The only question in this case, as appellee contends, is whether or not a mortgagor or his representatives, after default in payment of the mortgage debt, can maintain an action of ejectment for the possession of the mortgaged premises. Any title now held by appellants is purely equitable. Pomeroy’s Eq. Jur. §1187; 7 Ark. 310; 18 Ark. 166; 32 Ark. 478; 43 Ark. 504. And an equitable title will not support an action in ejectment. 36 Ark. 456, 463; 65 Ark. 129, 132; Perry on Trusts, (3 Ed.) 602-aa.; 25 S. W. (Mo.) 536.

Kirby, J.

(after stating the facts). Appellants’ allegations that they were the children and only heirs of D. S. Foster; that he was the owner of the land in his life time and occupied same as his homestead and died seized and possessed thereof are statements of fact sufficient to show prima facie title in them, as required under the law. Section 2742 Kirby’s Digest; Shirey v. Culberhouse, 41 Ark. 98.
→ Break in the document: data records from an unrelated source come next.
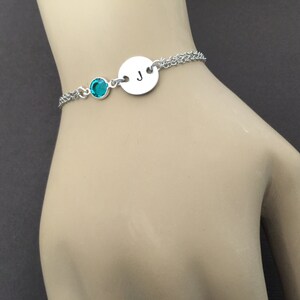 May include: A silver bracelet featuring a teal-colored gemstone and a circular charm with the letter "J". The bracelet has a delicate chain design, perfect for everyday wear. The bracelet is shown on a person's wrist.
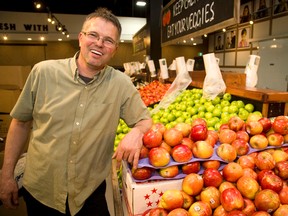 Ken Joseph is opening a new Fresh Pick Markets at Southdale and Wharncliffe in London. Joseph was busy stocking shelves on Tuesday. (MIKE HENSEN, The London Free Press)
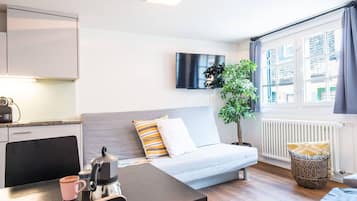 A modern hotel room with a sofa, a dining table, a kettle, and a TV.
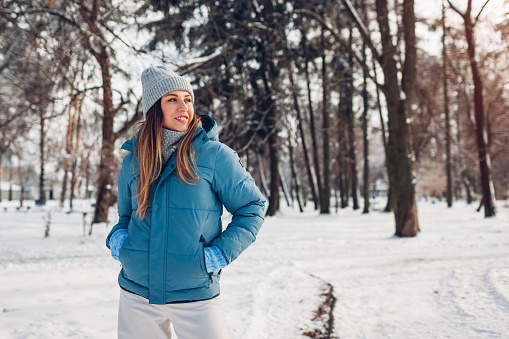 Young woman walking in snowy winter park wearing blue coat. Girl enjoys landscape wearing hat and mittens outdoors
Appellee, having admitted the former ownership of the lands by appellants ’ ancestor and claiming the lands through the same common source of title, upon the introduction of proof, showing that they were the sole and only heirs of D. S. Foster it would have established a prima facie title and devolved the burden upon appellee •to defeat the title to show that the ancestor had conveyed the land away, or that his heirs were barred by the statute of limitations. Shirey v. Culberhouse, supra; Weaver v. Rush, 62 Ark. 56; Smith v. Lattsch, 114 Ill. 271, 2d N. E. 59; Nicklace v. Dickinson, 65 Ark. 422.

The issue as to the ownership of the land in controversy was formed by the pleadings and certainly appellants were entitled to a trial upon such issue made. *345The exhibits to the pleadings are not evidence in the case, as snch exhibits, and, upon the trial, as already said, the burden of proof would have devolved upon appellee to show that the lands had passed by proper conveyance away from the ancestor of appellants, or that his heirs were barred to claim them by the statute of limitations. They could have shown the payment of the mortgage, or any other facts, relating thereto, which would have rendered it inoperative and allowed the property to revert to the grantor without a reconveyance thereof. Cornish v. Dews et al., 18 Ark. 183; 2 Washburn Real Property, 1021; Kitchen v. Jones, 87 Ark. 504.

Appellants also contend that the court erred in overruling their exceptions to exhibit ‘ ‘ C ” to the answer, and are correct in this contention.

The trustee derived his authority to sell and convey the lands from the power of sale contained in the mortgage and the purpose for which the trust was created and the power given having been fully performed by the sale and conveyance of the lands in the first instance his power was at an end and he was without authority to execute another deed years thereafter, the recitals of which would be evidence thereof. Badgett v. Keating, 31 Ark. 409; Pillow v. Wade, 31 Ark. 682; 2 Perry on Trusts, Sec. 602-aa, 27 Cyc. 1511. If there was a valid sale and conveyance of the lands by the trustee, it was effectual to pass the title to the purchaser and it could not be divested by the loss or destruction of such deed of conveyance. Cunningham v. Williams, 42 Ark. 170; Campbell v. Jones, 52 Ark. 493; Waters v. Wagley, 53 Ark. 509. The lost deed could have been proved upon proper allegations of the answer relative thereto by competent evidence; (Stewart v. Scott, 57 Ark. 153; Callaway v. Cossart, 45 Ark. 81; Carpenter v. Jones, 76 Ark. 163), but it could not be supplied or restored as was attempted to be done herein by filing as an exhibit to the answer a substituted trustee’s deed, reciting the facts. The exhibits are no part of the pleadings in an action of ejectment, can not be made substitutes therefor, nor used *346to supply deficiencies therein. Percifull v. Platt, 36 Ark. 462.

For these errors the judgment is reversed and the cause remanded for a new trial.